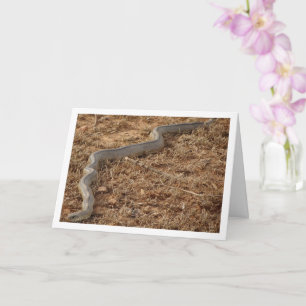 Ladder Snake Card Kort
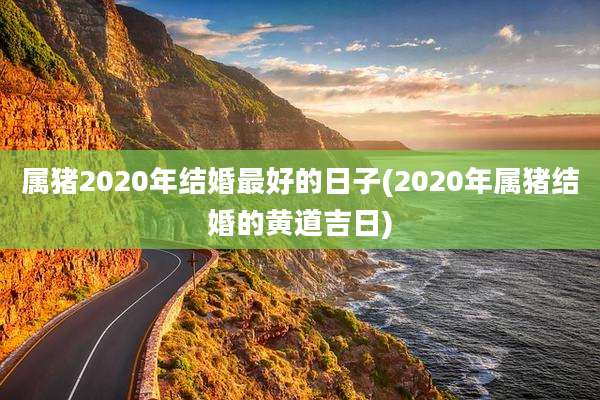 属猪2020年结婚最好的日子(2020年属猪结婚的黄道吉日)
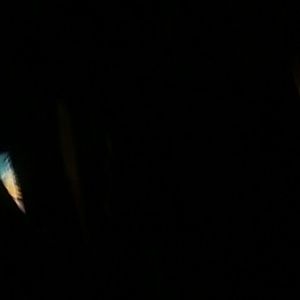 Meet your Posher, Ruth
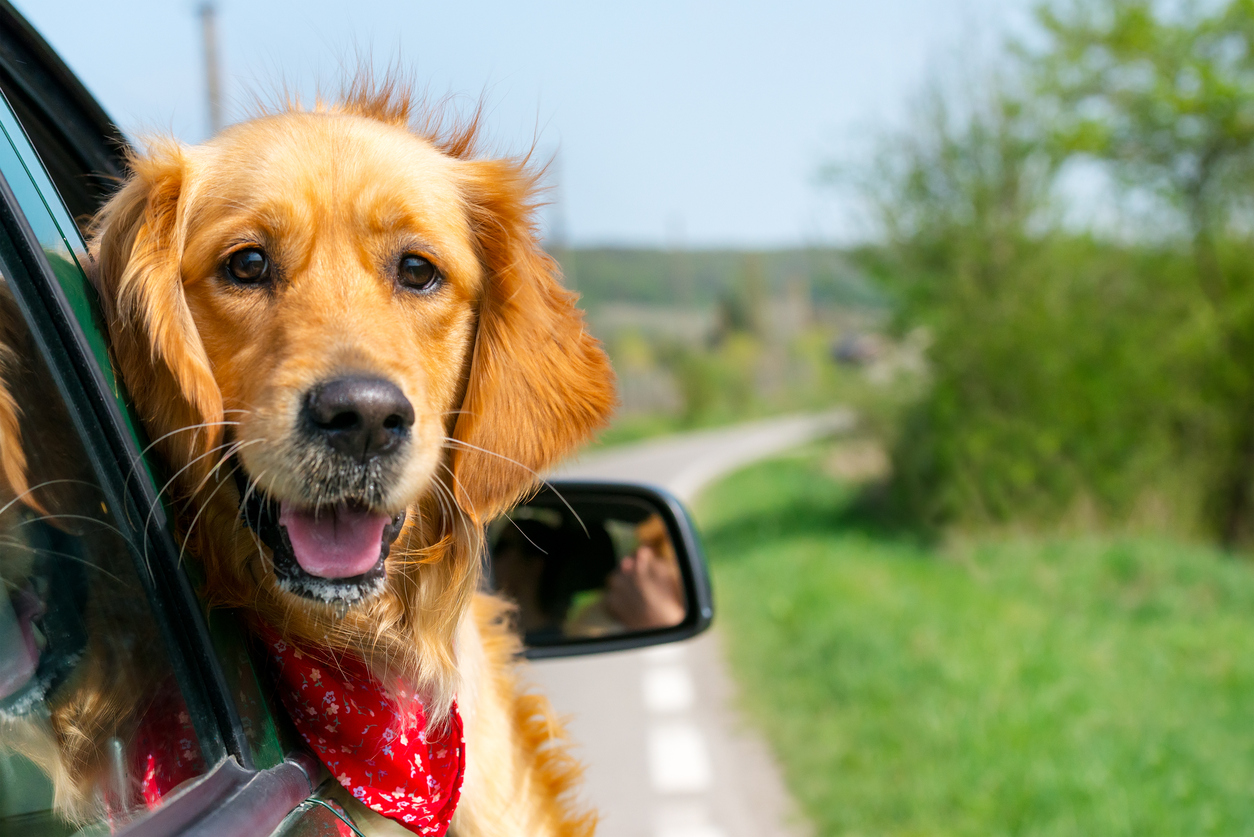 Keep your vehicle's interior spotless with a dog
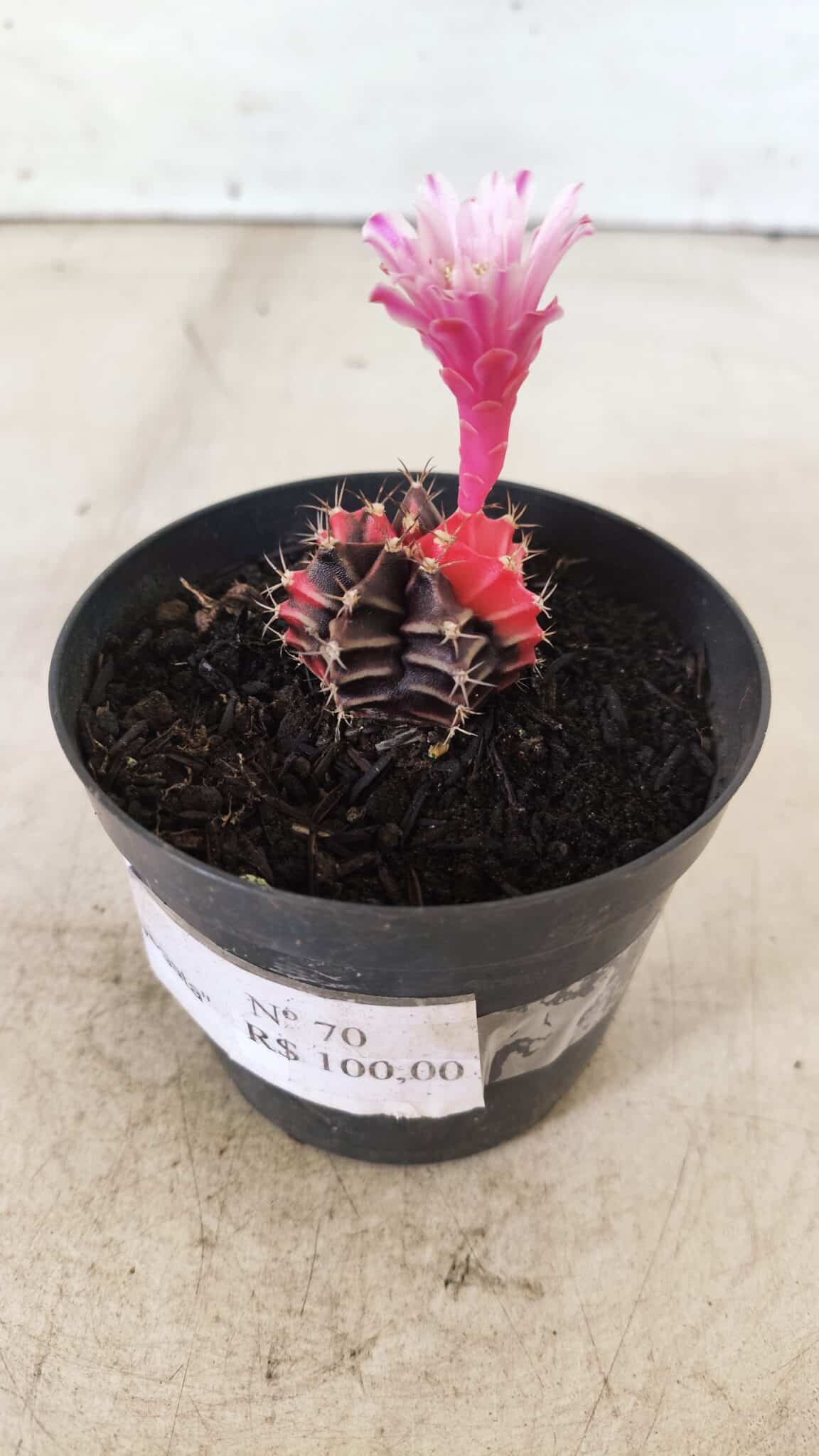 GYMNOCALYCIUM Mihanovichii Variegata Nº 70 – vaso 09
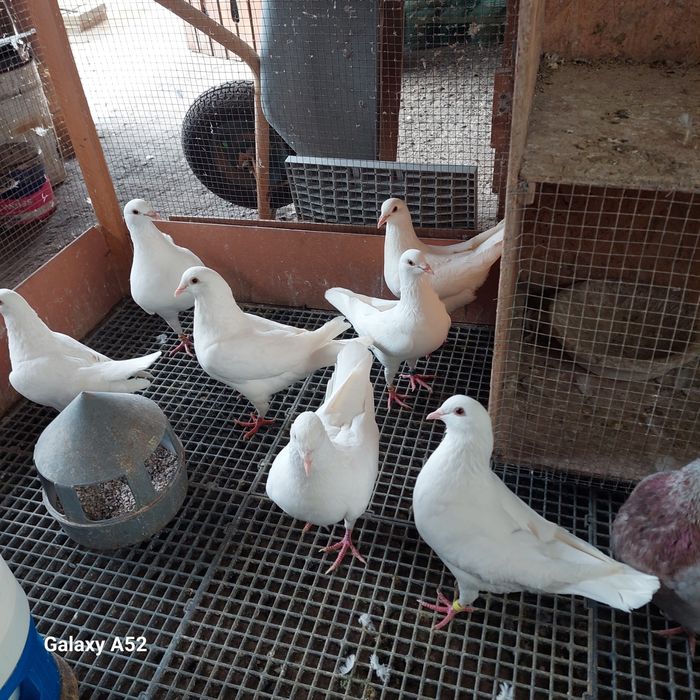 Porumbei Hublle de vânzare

-*-

**Exercise directions:** Pictures aside, retype the material exactly.

**Expected output:**
 Ladder Snake Card Kort
 属猪2020年结婚最好的日子(2020年属猪结婚的黄道吉日)
 Meet your Posher, Ruth
 Keep your vehicle's interior spotless with a dog
 GYMNOCALYCIUM Mihanovichii Variegata Nº 70 – vaso 09
 Porumbei Hublle de vânzare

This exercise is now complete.